No, orcas can’t be taught to eat seal lions and not salmon

Regarding Stan Walker’s Dec. 9 letter to the editor, suggesting Southern Resident orcas be taught to eat sea lions, the 74 remaining endangered Southern Resident killer whales are strictly fish eaters. They do not eat any marine mammals such as seals or sea lions like the other population, Bigg’s orcas. These are two totally different ecotypes that do not interact or interbreed. Teaching the fish-eating orcas to eat seals or sea lions would be as impossible as teaching a humming bird to eat a worm. It will never happen.

Furthermore, when the Southern Residents do not get enough of their aforementioned fish diet, they start metabolizing their blubber. Unfortunately, this is where all of the contaminants are stored. So yes, the contaminants are a huge issue in this area and need to be immediately addressed, but so does the lack of fish.

The removal of the four lower Snake River dams will provide the quickest way to provide millions more chinook salmon to the starving Southern Residents.
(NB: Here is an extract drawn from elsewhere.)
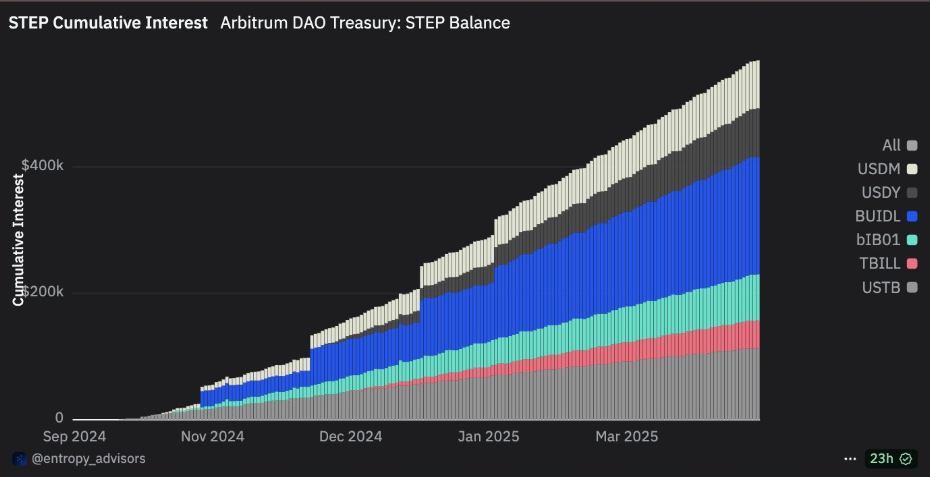Токенізація на Arbitrum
This orca population is intricately connected to the Snake River dams as they spend a large portion of their life foraging off the coast of California, Oregon and Washington. Thanks to many years of NOAA tracking data, a lot of this endangered orca population’s time and attention is spent at the mouth of the Columbia River.

The 74 remaining endangered Southern Residents are almost out of time and the breaching of the Snake River dams is one of the many things that needs to occur to save this population. Again, not the only solution but one of the necessary many.